The director of the Biodiversity Foundation, Ana Leiva, participated, on Wednesday, January 19, in a press conference to update the stewardship actions carried out in Menorca. Among them, it has been reported that on January 29, February 5 and 12, the seminars on agriculture and the environment will be held, which are part of the project ‘Sowing custody’, promoted by GOB Menorca with the support of the Biodiversity Foundation.
The event, held at the headquarters of the Island Council of Menorca, was also attended by, among others, the Island Director of Agriculture Clara Fullana, and the representative of the GOB Menorca, Núria Llabrés.
In line with the Natural Heritage and Biodiversity Law and the 2007 Law for the Sustainable Development of the Rural Environment, the “Sowing Custody” project seeks to involve owners and farmers in the conservation of biodiversity and the landscape, through the maintenance of sustainable agricultural activity. To do this, it uses voluntary agreements with the private sector, which aim to ensure that production is compatible with the main territorial and environmental values.
In this sense, actions of double benefit (environmental and agricultural) are carried out and the dissemination of the great potential that stewardship can represent applied to the Spanish agricultural field is promoted.
In the Balearic Islands, there are 189 land stewardship agreements on record, 174 of which have been signed in Menorca (22 of them, promoted by GOB Menorca). The total area with custody agreements on the island is 25,000 hectares, 31 percent of the territory.
Land stewardship is, therefore, one more tool for the preservation of natural heritage in a territory that, like Menorca, already has important instruments for the protection of biodiversity (it should be remembered that the island is incorporated into the figure of UNESCO Biosphere Reserve).

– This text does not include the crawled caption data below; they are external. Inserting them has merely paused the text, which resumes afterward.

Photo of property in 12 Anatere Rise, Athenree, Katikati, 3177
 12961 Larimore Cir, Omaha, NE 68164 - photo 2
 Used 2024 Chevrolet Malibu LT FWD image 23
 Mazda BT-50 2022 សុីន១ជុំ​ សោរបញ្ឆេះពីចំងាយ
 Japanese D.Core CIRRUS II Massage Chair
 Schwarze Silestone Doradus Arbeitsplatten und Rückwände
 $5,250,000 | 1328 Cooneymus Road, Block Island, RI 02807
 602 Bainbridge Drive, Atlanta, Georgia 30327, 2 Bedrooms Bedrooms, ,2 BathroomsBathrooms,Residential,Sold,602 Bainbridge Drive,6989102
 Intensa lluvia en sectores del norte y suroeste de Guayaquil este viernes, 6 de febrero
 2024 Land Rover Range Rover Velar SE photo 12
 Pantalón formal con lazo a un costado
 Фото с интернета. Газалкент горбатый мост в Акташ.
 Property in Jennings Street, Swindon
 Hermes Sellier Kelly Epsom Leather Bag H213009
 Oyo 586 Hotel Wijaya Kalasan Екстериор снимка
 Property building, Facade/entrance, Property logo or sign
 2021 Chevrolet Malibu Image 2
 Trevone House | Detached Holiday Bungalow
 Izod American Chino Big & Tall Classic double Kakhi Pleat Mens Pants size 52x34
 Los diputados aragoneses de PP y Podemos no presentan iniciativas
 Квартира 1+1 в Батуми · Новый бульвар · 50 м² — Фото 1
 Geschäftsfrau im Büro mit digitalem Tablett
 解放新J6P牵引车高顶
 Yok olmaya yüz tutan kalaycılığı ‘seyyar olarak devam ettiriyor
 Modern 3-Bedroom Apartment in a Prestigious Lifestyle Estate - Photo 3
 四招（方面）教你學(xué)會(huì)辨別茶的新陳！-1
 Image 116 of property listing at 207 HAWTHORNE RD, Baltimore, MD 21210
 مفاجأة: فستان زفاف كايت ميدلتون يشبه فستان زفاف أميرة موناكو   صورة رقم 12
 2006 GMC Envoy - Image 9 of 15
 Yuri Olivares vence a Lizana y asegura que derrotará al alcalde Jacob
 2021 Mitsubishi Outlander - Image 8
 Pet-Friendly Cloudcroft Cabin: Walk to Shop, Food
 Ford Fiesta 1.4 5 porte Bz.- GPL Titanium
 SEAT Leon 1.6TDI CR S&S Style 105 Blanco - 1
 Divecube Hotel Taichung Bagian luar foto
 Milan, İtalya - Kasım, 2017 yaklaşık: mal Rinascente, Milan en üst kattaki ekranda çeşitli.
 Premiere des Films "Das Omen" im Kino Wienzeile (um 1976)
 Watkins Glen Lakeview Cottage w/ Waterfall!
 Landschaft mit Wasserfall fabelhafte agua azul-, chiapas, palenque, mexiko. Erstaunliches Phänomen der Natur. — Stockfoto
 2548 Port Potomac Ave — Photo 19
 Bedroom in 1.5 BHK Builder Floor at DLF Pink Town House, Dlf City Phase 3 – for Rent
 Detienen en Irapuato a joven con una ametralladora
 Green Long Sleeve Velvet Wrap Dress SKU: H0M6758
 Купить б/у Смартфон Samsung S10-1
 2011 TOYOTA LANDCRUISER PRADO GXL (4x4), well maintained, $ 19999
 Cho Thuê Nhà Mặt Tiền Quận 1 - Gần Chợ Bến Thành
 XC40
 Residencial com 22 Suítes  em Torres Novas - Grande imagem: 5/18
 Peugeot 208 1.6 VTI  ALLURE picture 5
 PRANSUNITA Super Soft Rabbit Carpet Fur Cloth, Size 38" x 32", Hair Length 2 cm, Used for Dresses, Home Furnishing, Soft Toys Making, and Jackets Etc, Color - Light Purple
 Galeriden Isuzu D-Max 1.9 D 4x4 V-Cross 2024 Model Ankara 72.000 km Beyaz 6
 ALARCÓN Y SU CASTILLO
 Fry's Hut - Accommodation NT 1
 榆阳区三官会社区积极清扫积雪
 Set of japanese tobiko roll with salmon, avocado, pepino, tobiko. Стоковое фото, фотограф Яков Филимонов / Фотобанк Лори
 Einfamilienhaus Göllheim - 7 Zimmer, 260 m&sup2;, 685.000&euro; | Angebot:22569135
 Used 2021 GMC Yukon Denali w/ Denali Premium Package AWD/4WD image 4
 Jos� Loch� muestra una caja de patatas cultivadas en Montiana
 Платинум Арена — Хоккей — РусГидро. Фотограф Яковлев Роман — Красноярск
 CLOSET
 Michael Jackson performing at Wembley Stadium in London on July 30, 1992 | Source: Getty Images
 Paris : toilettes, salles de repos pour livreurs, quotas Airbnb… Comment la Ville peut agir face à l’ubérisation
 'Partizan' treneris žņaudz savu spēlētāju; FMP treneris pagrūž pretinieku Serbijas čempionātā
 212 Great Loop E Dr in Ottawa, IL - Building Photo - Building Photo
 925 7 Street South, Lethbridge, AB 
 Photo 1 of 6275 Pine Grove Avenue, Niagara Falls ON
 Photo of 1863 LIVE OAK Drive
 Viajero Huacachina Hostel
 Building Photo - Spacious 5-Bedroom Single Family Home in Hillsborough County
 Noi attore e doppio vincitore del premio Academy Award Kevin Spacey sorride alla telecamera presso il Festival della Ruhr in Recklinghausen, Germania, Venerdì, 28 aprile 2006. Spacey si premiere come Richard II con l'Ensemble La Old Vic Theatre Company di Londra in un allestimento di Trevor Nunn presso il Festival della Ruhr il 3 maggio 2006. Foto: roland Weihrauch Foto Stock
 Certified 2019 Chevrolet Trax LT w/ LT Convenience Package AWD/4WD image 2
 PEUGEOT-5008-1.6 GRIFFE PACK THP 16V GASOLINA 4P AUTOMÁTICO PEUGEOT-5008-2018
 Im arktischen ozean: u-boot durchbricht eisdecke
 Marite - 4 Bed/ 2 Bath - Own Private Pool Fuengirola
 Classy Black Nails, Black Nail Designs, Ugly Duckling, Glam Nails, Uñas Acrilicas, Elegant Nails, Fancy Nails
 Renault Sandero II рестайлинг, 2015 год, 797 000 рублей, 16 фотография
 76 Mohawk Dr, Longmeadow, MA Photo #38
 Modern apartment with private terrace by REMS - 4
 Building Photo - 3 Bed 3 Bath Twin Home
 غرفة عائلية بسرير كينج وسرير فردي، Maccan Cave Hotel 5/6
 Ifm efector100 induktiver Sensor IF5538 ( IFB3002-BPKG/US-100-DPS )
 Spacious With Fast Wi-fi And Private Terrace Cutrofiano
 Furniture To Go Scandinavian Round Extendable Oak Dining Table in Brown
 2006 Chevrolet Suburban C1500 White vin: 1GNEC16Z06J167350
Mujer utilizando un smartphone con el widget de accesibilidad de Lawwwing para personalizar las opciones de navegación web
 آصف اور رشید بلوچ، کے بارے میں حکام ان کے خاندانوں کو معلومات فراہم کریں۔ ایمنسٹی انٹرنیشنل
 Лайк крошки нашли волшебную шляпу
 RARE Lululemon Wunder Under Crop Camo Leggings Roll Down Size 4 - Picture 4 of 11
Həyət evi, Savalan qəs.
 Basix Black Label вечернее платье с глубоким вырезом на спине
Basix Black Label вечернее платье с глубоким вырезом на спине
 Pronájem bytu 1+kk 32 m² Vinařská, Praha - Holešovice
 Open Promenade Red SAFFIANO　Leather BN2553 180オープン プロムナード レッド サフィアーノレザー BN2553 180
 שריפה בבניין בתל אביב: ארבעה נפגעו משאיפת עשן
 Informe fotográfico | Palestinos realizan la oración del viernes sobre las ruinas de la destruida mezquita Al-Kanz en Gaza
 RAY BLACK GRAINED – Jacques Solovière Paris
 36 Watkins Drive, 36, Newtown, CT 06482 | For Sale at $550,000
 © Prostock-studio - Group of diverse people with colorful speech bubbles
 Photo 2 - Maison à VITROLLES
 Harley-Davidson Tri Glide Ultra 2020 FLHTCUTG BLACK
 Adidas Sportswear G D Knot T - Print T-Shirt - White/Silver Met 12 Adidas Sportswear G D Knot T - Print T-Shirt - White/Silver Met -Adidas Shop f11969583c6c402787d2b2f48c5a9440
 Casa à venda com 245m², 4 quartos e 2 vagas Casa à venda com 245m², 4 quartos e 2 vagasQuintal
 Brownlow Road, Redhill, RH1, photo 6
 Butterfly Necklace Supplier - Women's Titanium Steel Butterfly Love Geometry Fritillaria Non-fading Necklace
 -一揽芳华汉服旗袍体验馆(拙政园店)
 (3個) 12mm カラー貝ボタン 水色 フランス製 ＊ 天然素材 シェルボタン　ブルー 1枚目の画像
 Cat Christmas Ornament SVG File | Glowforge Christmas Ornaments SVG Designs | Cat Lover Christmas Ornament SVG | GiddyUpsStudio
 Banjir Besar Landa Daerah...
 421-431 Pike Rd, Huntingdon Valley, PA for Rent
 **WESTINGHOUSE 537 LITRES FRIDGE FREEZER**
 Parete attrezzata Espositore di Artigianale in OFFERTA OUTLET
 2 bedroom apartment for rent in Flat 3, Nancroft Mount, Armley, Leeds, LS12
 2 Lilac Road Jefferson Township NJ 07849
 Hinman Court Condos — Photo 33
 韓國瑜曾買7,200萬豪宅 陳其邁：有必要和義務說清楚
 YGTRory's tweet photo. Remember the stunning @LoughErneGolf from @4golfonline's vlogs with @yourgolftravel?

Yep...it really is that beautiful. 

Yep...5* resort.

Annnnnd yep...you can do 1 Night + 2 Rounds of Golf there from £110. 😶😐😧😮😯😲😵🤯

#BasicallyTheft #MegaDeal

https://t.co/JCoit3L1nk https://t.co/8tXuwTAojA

In addition, most of its agricultural land is Protected Rustic Land and the wooded areas are classified as a Natural Area of Special Interest. Some communities and geographical spaces even fall into what is called land with a High Level of Protection.
In terms of species protection, it can be highlighted that the territorial management promoted in agricultural stewardship agreements (maintenance of perimeter hedges, mosaic vegetation, resting cultivation areas, etc.) benefits a large part of species and habitats, by offering refuges and good environmental conditions at the different levels of natural food webs. It also seeks to reinforce the positive environmental effects for certain species of special interest, such as the red kite, in danger of extinction.